I spent the day in training with the PR arm of my employer. I now appreciate the pressing need for global socialism.
In the early days of my current job, an email was circulated in which we were implored to attend a training session on creativity. The wiser heads in the office contrived to miss the session and carry on their work in the morally malleable world of drug development, so I alone undertook the schlep up to the glass office on the top floor, overlooking the City of London.
In here we meet our cast: the principal character and chief antagonist is “Ruth”. She begins by casually alluding to her previous engagements with de Beers, the diamond merchants, and the Israeli and Russian governments, the white phosphorous merchants. This passes without reaction; I take this to mean that this woman has a background in “detoxification”, which impresses some people in the room. After all, there is a more urgent requirement for an active and effective PR operation in an organisation that is committed to war crimes as an integral part of their business model.
Time drips on and I sense that we are fellow travellers in this beardly-ironic, transparent spaceship. It is not for us to question the morality of a business: we are mercenaries as those who buy us are mercenaries and the journalists whose stories we will write in lieu of news are mercenaries. Ethics is someone else’s lookout.
At first it strikes me that the three men behind Ruth couldn’t construct a personality between them and little happens afterwards to disabuse me of that notion. These are called Ben, Andrew and something else.
“Always be thinking of the bottom line,” says Ben or Andrew, and for a time I believed I was in Glengarry Glenross but Ben Affleck had fluffed his lines. “How we can be engaging with the consumer and driving the conversation.” A statement, phrased like a question in the imagined present continuous tense: the lingua franca of the industry. Cool, yeah, brilliant.
He brings up an ugly Powerpoint slide which details how many Twitter hits his Mastercard campaign has achieved. It’s probably a good number: it features myriad digits. In the interests of brevity: the point of the campaign is that a company wants to “deposition” (that is a made-up word meaning “to move into a bad position” or “to confer a bad reputation upon”) cash. They achieve this by making gifs about people receiving bad presents — the logic that bridges the difference between the aims of the programme and the tactics it employs are obviously tortured. I shan’t bore you with them: but ask yourself, is the thought of a crap gift going to stop you using cash? Are these people worth hundreds of pounds an hour? Anyway…

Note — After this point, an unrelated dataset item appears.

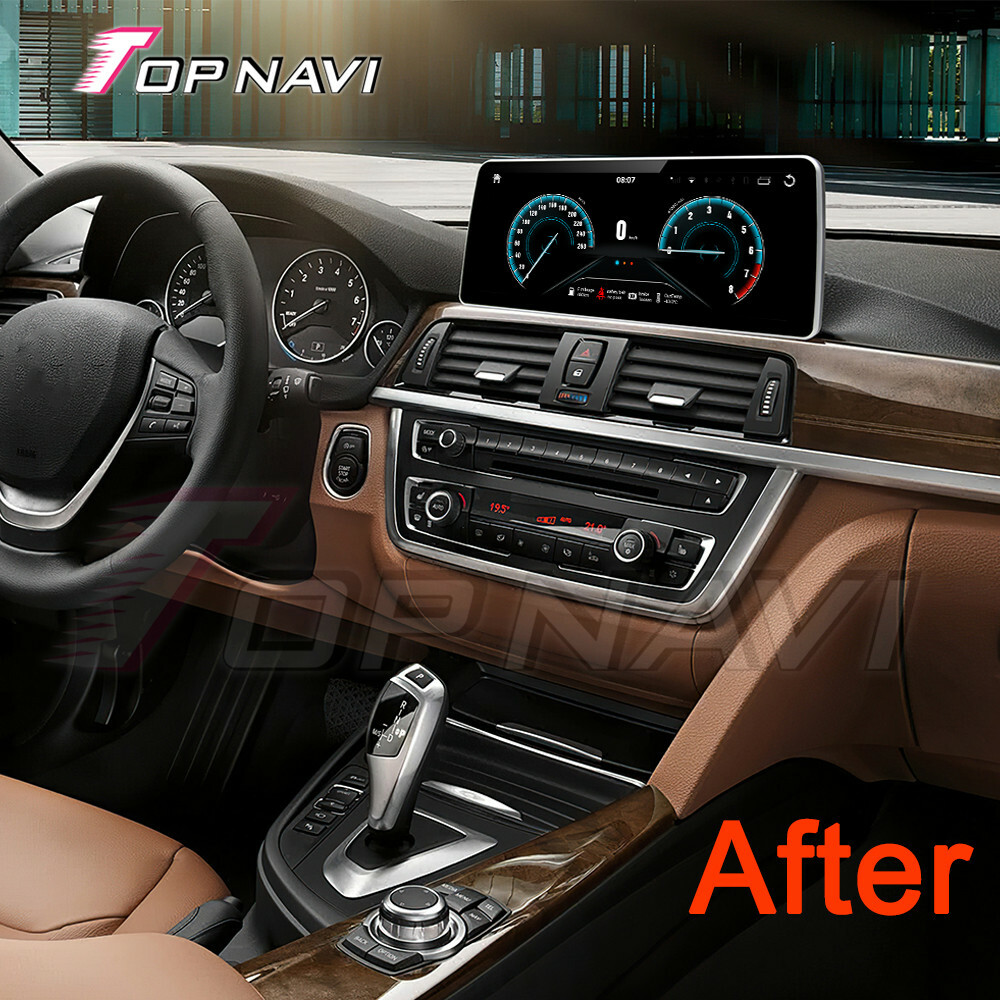 for BMW 1 2 3 5 7 Series X1 X3 X5 X6 GT 2013-2017 Car GPS Navi Stereo Radio 4G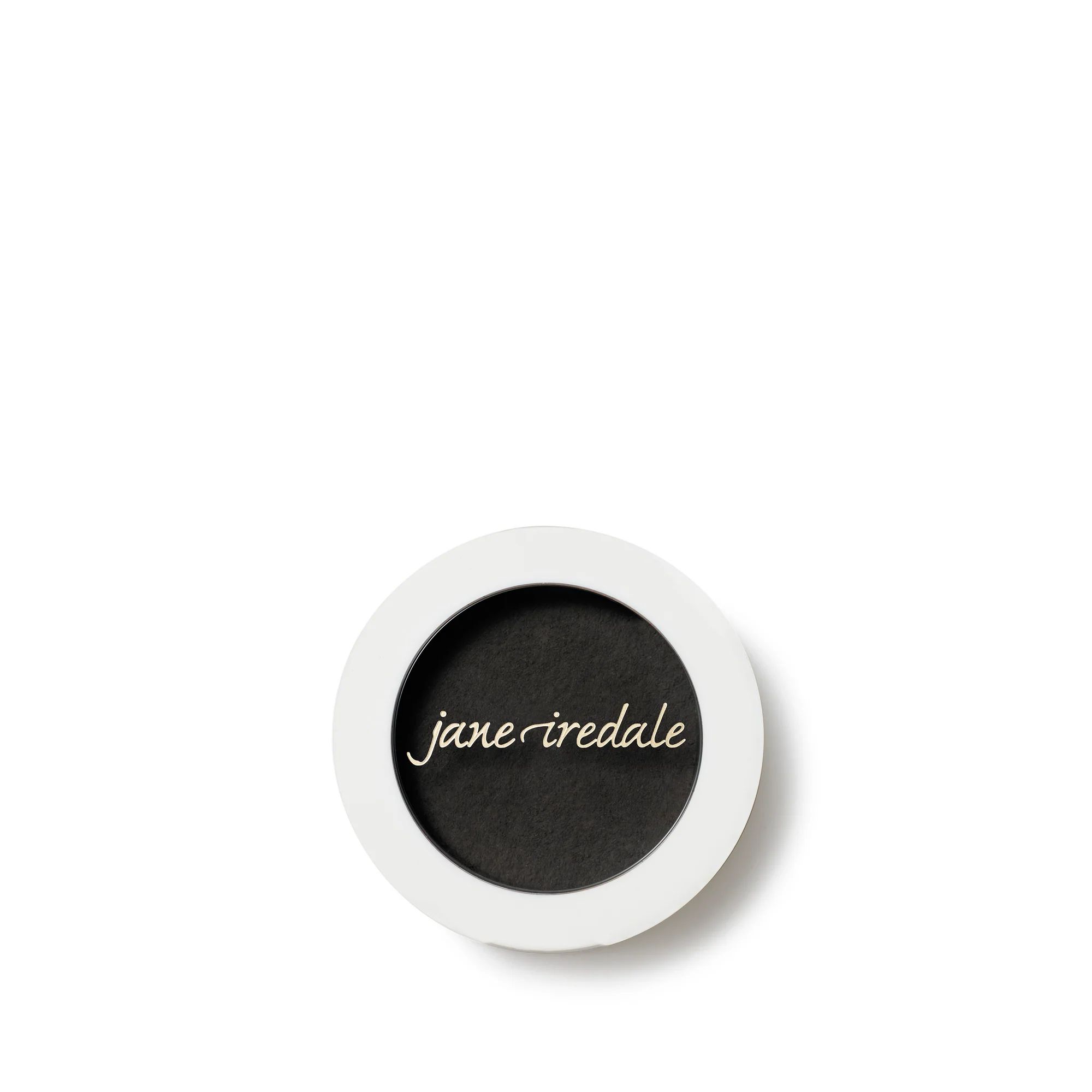 Jane Iredale, Пудра для бровей, PureBrow Brow Powder цвет: Soft Black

The lack of useful and productive talent is surprising and shocking. For example, in a room full of paid communicators, I present the case of a man who said “antithesis” when he meant pinnacle (I suggest he may have taken a wrong turn when intending to misuse apotheosis only slightly) to interested and thoughtful nodding from around the room. Or Ruth, who chided a marketeer for his unclear language and encouraged us to use plain English by telling us: “communicate as granularly as possible”.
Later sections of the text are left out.